Skills, Employability and Entrepreneurship

Skills, Employability and Entrepreneurship in the occupied Palestinian territories

In 2008 the ILO launched its flagship entrepreneurship programme Know About Business (KAB) to create awareness on self-employment as a career option for young Palestinians, enhance knowledge on starting and operating a successful enterprise, and facilitate the school to work transition of Palestinian youth as a result of a better understanding of business operations. In 2011 the programme was nationalized and today forms the core of the ILO’s enterprise development interventions in the oPt.

In partnership with GIZ and United Nations Relief Works Agency (UNRWA), the ILO developed the Technical and Vocational Education and Training module “Women Gain Employment Skills in Photography”. The aim of this project was to improve the economic participation and increase the standard of living for female Palestinian youth. Photography was chosen as a training subject based on the findings of an ILO survey. Trained in entrepreneurial and technical skills, 17 women from the photography course successfully graduated on 2 July 2011; some are already working for professional photography studios. In addition to the training certificate, the graduates were certified with a professional diploma from the Ministry of Education.

As part of the joint UN country programme on “Gender Equality and Women’s Empowerment in the oPt," and in partnership with the Islamic University of Gaza, the ILO initiated a project for skills development of women engineers in the construction sector in Gaza. Based on the assessment of “Construction Skills Deficit in Gaza” that identified a gap between demand and supply, in addition to the fact that most women engineers in construction sector were unemployed due to social acceptance reasons, the project aimed to enhance the project management skills of these women and resulted in increasing their participation in the labour market. Following the theoretical training, the project provided opportunities to women to access subsidized on-job training that aimed to encourage local SMEs to hire women engineers graduated within their framework. Targeted beneficiaries were female civil engineer graduates that were currently unemployed, graduated between 2008 -2010 and were willing to work in construction and contracting companies.

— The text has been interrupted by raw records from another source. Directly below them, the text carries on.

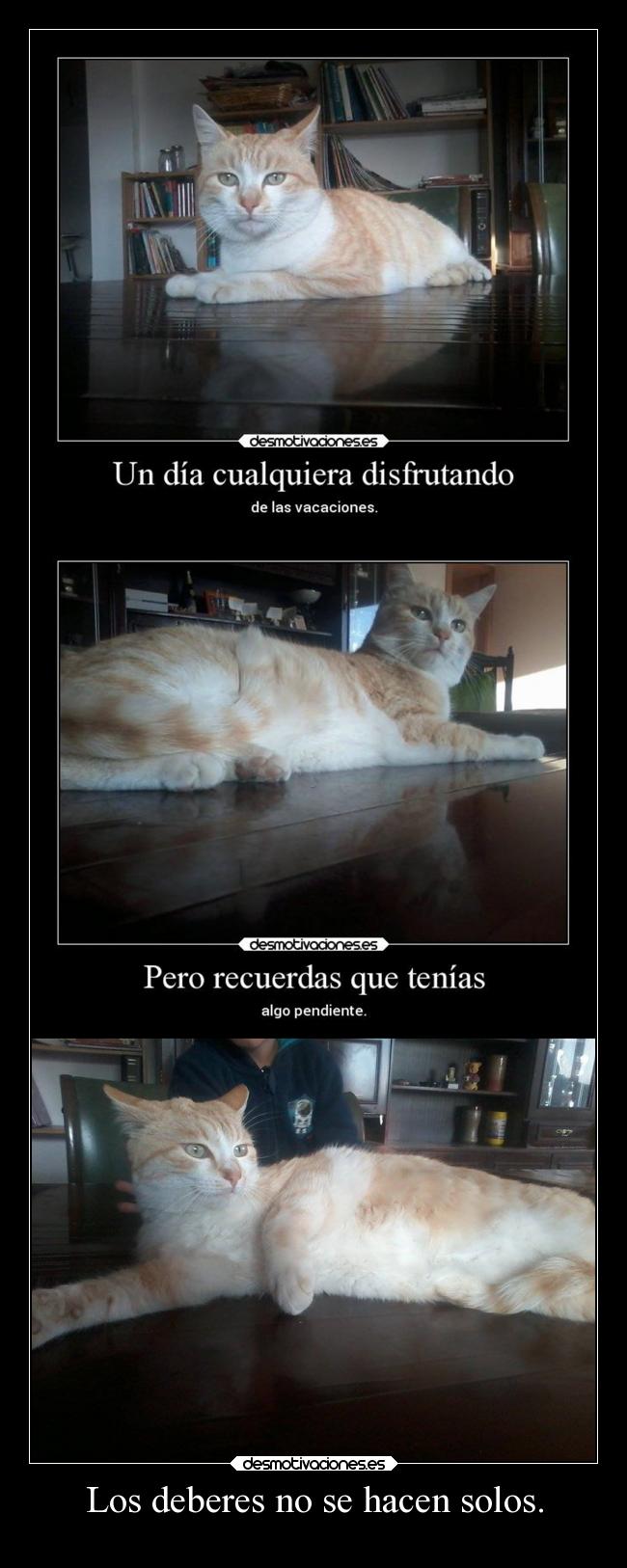 carteles desmotivaciones gato directionerloveforever desmotivaciones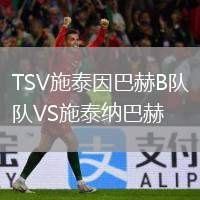 TSV施泰因巴赫B隊(duì)VS施泰納巴赫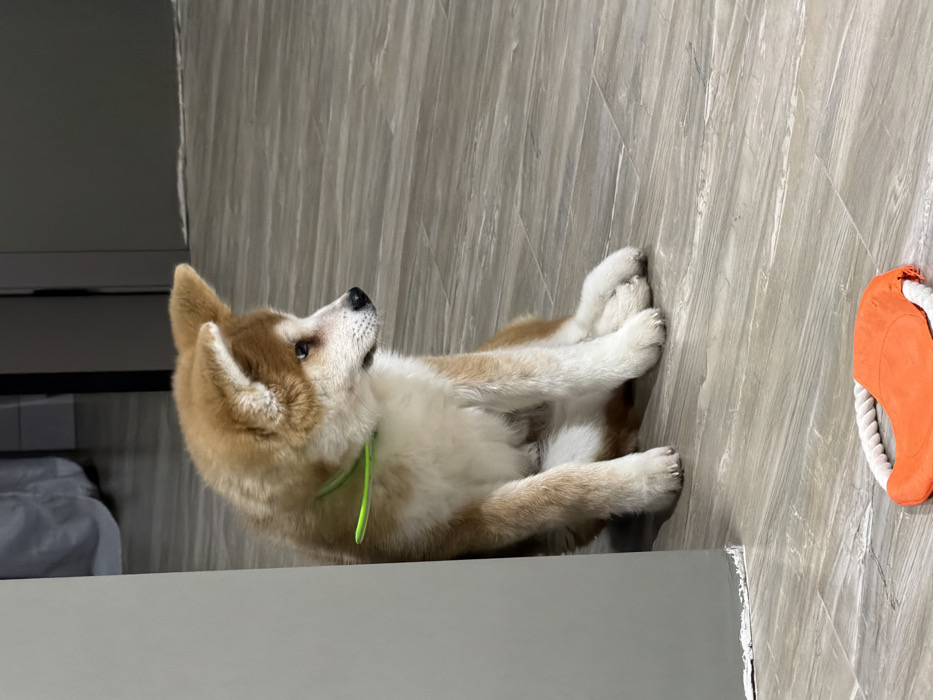 An Akita puppy with tan and white fur and a neon green collar is observed sitting on a light grey, wood-grain patterned floor in an indoor environment in Chaikovsky, Russia. The dog is positioned to the right of a light grey wall or furniture piece, facing towards the right side of the frame with its gaze directed slightly downwards. Its ears are erect, and its front paws are resting on the floor. In the immediate foreground, an orange and white dog toy, appearing to be a fabric and rope tug toy, lies on the floor. The background reveals a darker grey doorway or opening, with a lighter object, possibly bedding, faintly visible further back within the room. No human subjects are present.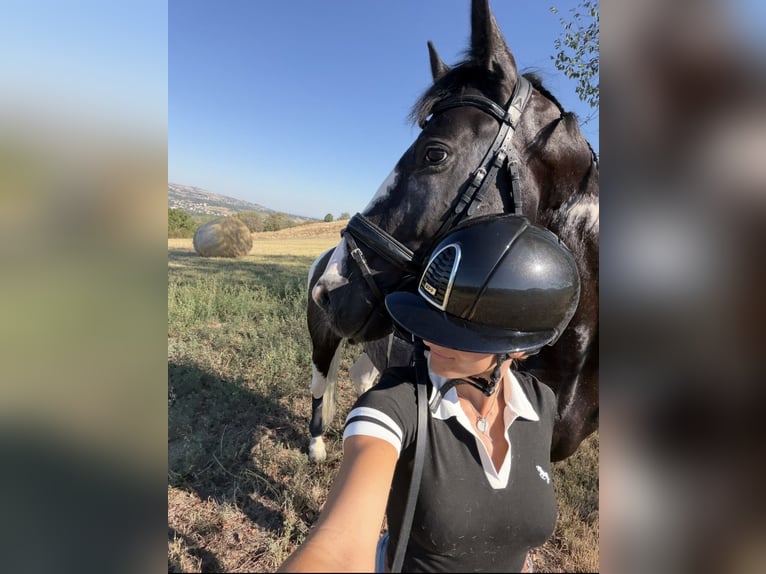 Andere Rassen Hengst 4 Jaar 172 cm Gevlekt-paard in Montegibbio
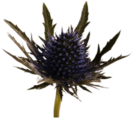 Large Blue Thistle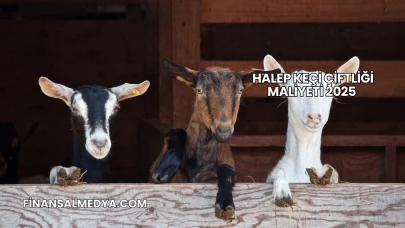 Halep Keçi Çiftliği Maliyeti 2025
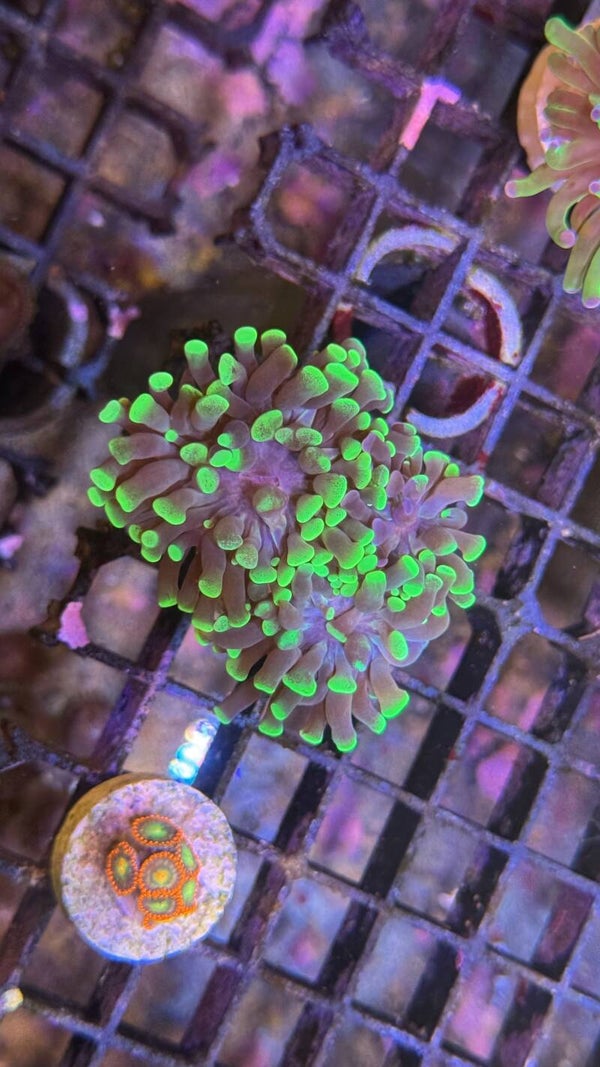 Euphyllia paraancora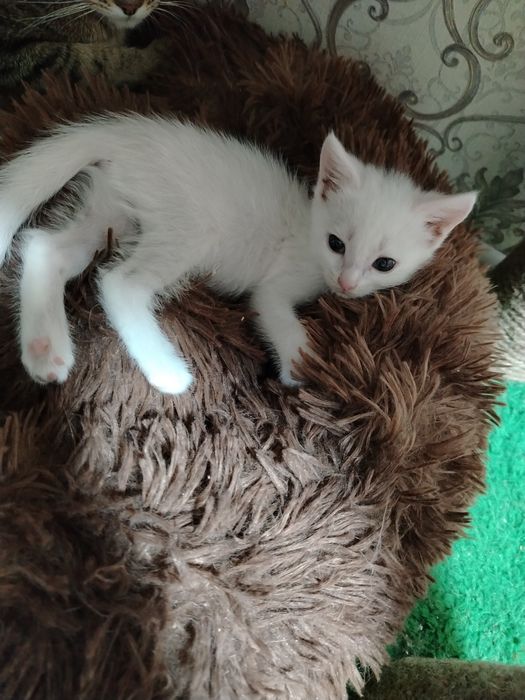 Отдам котят в добрые руки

With funding from the Swiss Agency for Development Co-operation (SDC) and in cooperation with UNRWA, a separate project on “Skills Development and Employment Services for the Construction Sector in Gaza” was successfully implemented with the aim to contribute to skills development, employment generation and economic recovery in Gaza. The project contributed to the social and economic development of Gaza Strip, by enhancing the opportunities for over-aged students to enter and sustain gainful employment in the construction sector, through 3-6 months targeted training courses and 6 months on the job training. More specifically, institution based interventions and on-the-job training is undertaken to address skills deficit and to provide the assistance required in developing a skilled workforce in key priority occupational areas of the building and construction sector. The quality delivery of training programmes is supported by interventions that build the capacity of teachers and trainers to employ the Competency Based Training approach. See more…

In order to streamline the efficacy of skills education and market needs the ILO is undertaking two subsequent school-to-work transition surveys with a sample of at least 3,000 young people aged between 15 and 29 years.

Other future projects in the oPt include a planned project with the Islamic University of Gaza to establish a liaison centre with the private sector aimed at developing curricula and job training programmes to facilitate more effective university to work transitions. Finally, the ILO is also planning to launch a project on licensing for core professions in construction and auto repair sectors which will include adequate testing and certification procedures, social dialogue, and the linking of licenses with wage scales.